[RAW DATA]
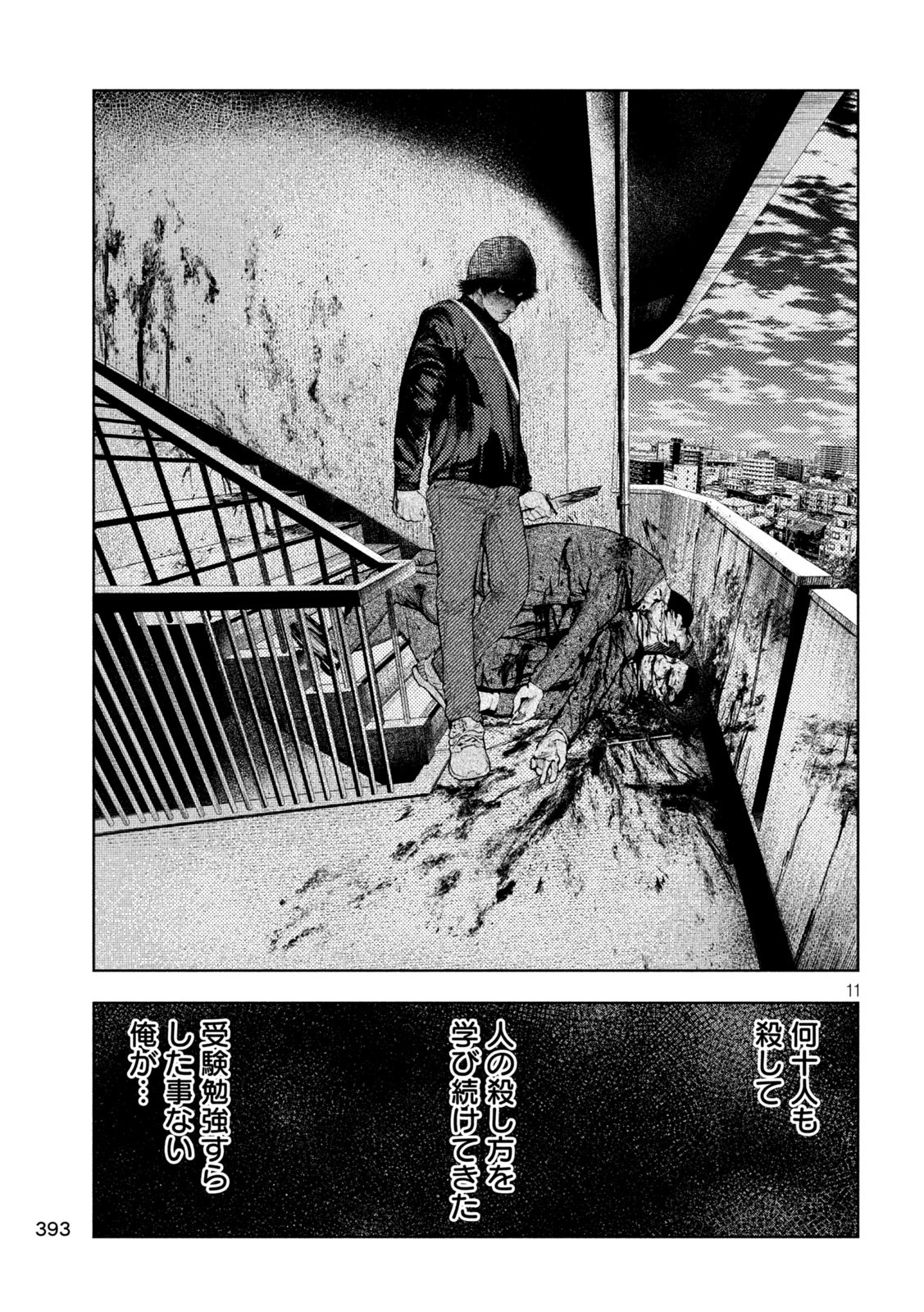 Amateur Vigilante Chapter 37 11ページ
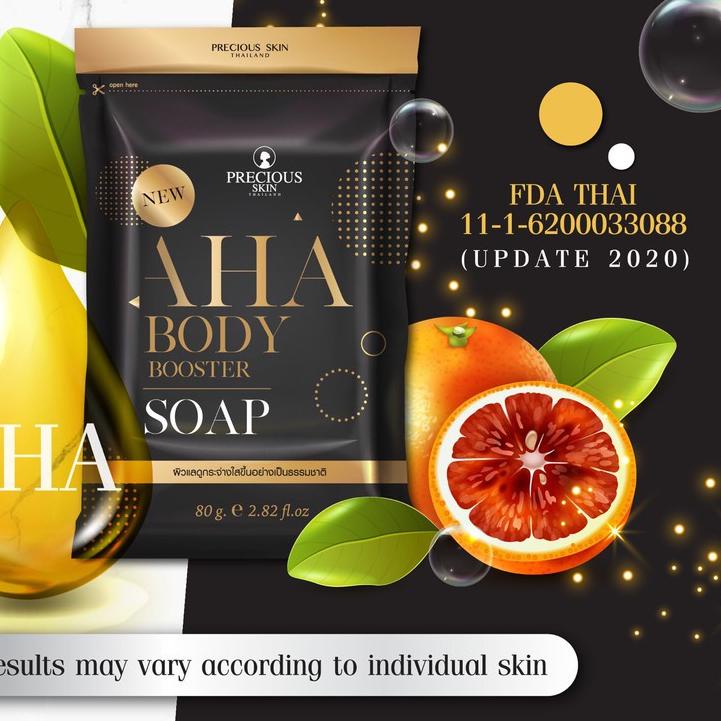 ♬ READY! AHA MIMI BODY BOOSTER WHITE SERUM & SABUN BLACK SOAP / BRIGHT SERUM PRECIOUS SKIN WHITENING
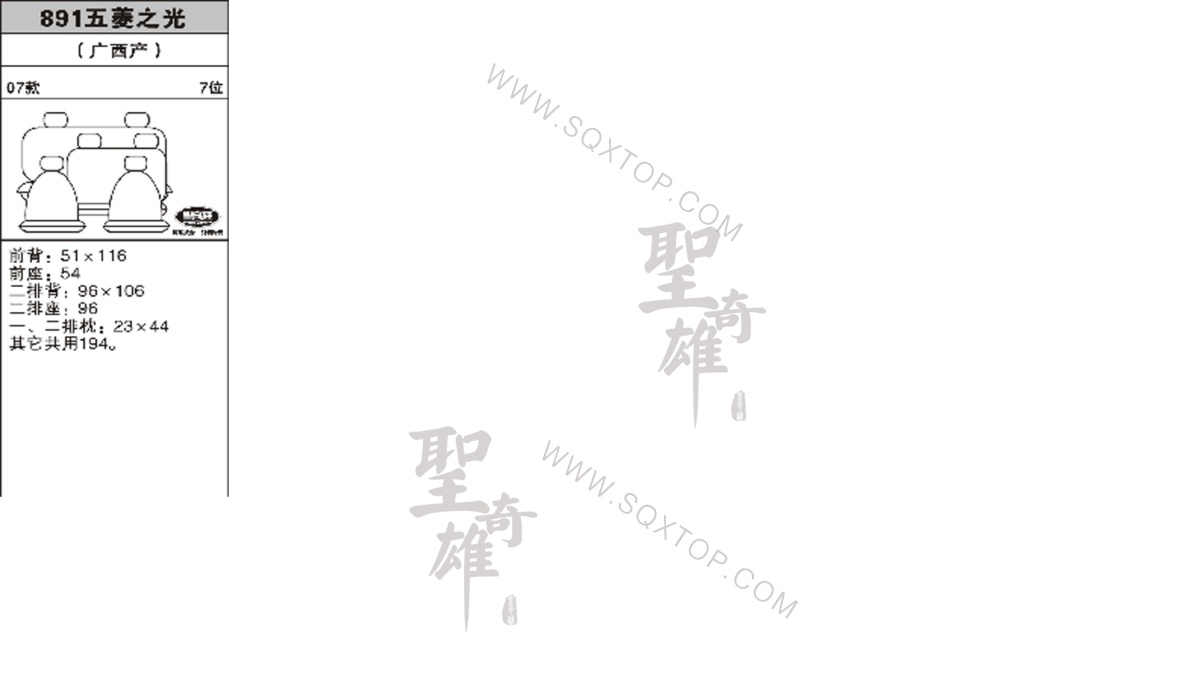 五菱之光07年款7座公司內(nèi)部下單編號891.jpeg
[/RAW DATA]
## WORK ORDER:
Write all the lines above out again exactly, minus the images.

## THE ANSWER:
 Amateur Vigilante Chapter 37 11ページ
 ♬ READY! AHA MIMI BODY BOOSTER WHITE SERUM & SABUN BLACK SOAP / BRIGHT SERUM PRECIOUS SKIN WHITENING
 五菱之光07年款7座公司內(nèi)部下單編號891.jpeg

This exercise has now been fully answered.